What the task asks: Search the records below for the word "background", then return every line where it appears.

Data extracts section start

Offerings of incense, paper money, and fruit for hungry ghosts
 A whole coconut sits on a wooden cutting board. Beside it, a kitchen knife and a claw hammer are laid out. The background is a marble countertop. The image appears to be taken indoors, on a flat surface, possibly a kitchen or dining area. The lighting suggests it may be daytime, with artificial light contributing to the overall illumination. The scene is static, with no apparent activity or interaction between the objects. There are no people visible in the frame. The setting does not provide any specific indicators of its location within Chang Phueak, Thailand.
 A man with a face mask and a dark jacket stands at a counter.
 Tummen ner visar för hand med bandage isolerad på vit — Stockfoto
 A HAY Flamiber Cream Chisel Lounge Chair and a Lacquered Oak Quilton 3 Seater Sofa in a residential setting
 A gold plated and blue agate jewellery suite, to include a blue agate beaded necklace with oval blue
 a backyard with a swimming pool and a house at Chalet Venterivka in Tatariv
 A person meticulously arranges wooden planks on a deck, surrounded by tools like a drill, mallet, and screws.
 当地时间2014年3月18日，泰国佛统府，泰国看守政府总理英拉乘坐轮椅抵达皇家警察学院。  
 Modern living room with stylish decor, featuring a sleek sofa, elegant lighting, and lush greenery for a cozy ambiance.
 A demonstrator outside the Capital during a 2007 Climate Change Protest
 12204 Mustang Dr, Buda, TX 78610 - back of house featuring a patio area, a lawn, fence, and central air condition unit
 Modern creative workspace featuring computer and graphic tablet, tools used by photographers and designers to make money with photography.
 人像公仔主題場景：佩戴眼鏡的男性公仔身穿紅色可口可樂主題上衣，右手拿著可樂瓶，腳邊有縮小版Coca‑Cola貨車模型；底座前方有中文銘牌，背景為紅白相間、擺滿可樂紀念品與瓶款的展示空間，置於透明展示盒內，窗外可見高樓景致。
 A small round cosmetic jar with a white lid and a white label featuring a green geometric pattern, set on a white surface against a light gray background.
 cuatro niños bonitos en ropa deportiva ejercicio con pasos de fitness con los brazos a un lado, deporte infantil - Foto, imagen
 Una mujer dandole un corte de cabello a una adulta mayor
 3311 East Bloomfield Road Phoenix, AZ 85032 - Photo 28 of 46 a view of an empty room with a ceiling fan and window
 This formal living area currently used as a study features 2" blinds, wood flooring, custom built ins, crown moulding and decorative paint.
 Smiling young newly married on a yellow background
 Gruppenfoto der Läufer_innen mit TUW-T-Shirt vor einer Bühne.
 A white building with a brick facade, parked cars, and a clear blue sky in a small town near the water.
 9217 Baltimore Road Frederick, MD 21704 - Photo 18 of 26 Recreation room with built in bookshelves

Data extracts section end

Answer space:
 A whole coconut sits on a wooden cutting board. Beside it, a kitchen knife and a claw hammer are laid out. The background is a marble countertop. The image appears to be taken indoors, on a flat surface, possibly a kitchen or dining area. The lighting suggests it may be daytime, with artificial light contributing to the overall illumination. The scene is static, with no apparent activity or interaction between the objects. There are no people visible in the frame. The setting does not provide any specific indicators of its location within Chang Phueak, Thailand.
 A small round cosmetic jar with a white lid and a white label featuring a green geometric pattern, set on a white surface against a light gray background.
 Smiling young newly married on a yellow background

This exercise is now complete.